The only Notts club night where the name foreshadows its ending..


Crisis is an iconic night out for every Notts student. It’s the biggest night of the week and the renowned sports night, meaning you have many people either celebrating or commiserating. A messy night no matter your circumstances. Before joining swim, I was a veteran of doing crisis as a non-sports member so I feel qualified to share my survival guide on how to last the night. Here is exactly how you can too:

Pre Hard

There’s only one way to get through Crisis and that’s by pre-ing hard. You need to be drunk enough that you forget how hot it is, how busy it is, and how obnoxious some people can be. By pre-ing hard you may hate yourself the next day but you’re guaranteed to have a good night.

Dress Up

Since you don’t have the embarrassment of a sports theme like babies and mums you may as well wear what you feel best in and make the sports freshers dressed in embarrassing outfits jealous. If your aim is to potentially find your sporty husband then looking good and feeling good is guaranteed to gain you some interest.

Alternatively, create your own theme. If you want to dress up then do it. No one is going to judge at Crisis.

Avoid the crisis balcony unless you want to experience hell on earth

If you want to avoid sports boys at all costs, then don’t venture up to the balcony. It’s a living hell. It’s hot, there’s a lack of fresh air, and it’s full of shirt-and-tie boys scanning the floor below like vultures.

My advice? Avoid this area unless absolutely necessary as once you enter it is impossible to leave.

Mix it up and visit multiple rooms

The main room of Crisis is repetitive and sometimes the music can feel cheesy. Don’t forget that Crisis has other rooms like Beta and Black Cherry Lounge, so to keep yourself going mad, alternate rooms. Not only will this allow you to survive the night by constantly making you move but you also get to escape the songs that make you cringe internally.

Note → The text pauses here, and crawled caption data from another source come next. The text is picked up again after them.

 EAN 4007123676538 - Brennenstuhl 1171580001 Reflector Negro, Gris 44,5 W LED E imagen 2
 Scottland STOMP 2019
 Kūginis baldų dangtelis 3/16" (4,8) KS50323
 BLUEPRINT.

The smoking area is a godsend

Crisis feels like a sauna. It’s packed to the brim and the club itself feels disgusting so give yourself regular breaks to the smoking area in order to remind yourself what oxygen feels like.

If you want to dance, stay at the back

If your aim is to dance then stay towards the back of the main room. This area isn’t claimed by any sports clubs and everyone is always pushing to get to the middle where you can’t even move.

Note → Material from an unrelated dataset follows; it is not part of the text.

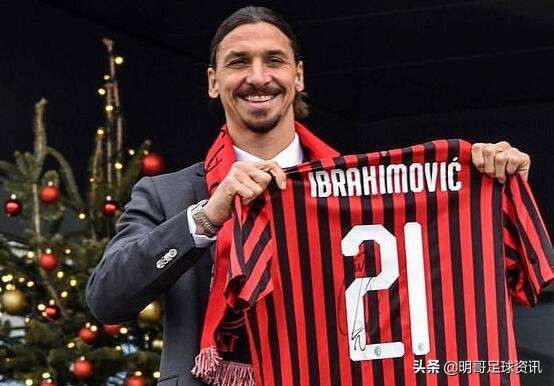 竞彩意大利杯实单,今日意大利杯尤文图斯竞彩推荐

By staying towards the back you actually have the most precious thing you can get in a club: space. Not only can you move here, but you can also quickly make a dive to the bar, run to the toilets or escape from unwanted situations if necessary.

If you want to use the photo booth do it early before the sports boys get too pushy and annoying

Do the booth early. Not only will you avoid the madness of sports boys pushing to get their picture taken, but by doing it early and at the start of your night your makeup, hair and outfit will look at its best. By the end of the night, you will most likely look ruined.

Be prepared to get papped 

Crisis is exposing. There is no hiding in this club. It is inevitable you will have a mug shot taken or potentially appear on the crisis Instagram story so be prepared.

The bar and toilet queues are quicker in BCL

To survive the club you must be prepared to spend. When it comes to Crisis VKs are the a for most. However, due to the sheer popularity of the club, you often spend a vast amount of time queuing for drinks. If you want to quicken your wait, my advice is to go to the other bars in Black Cherry Lounge, as these tend to be quieter and quicker.

All that drinking inevitably results in you breaking the seal. So to avoid ridiculous toilet queues go to BCL and double up. If you’re alone, pee with a stranger. Not only will you make a club friend and have a great toilet convo but you will again reduce queueing time.

End the night with a mega munch

If you survive the night, reward yourself. Crisis is intense, so treat yourself to the best cuisine Notts offers: MEGA MUNCH. You have definitely earned it.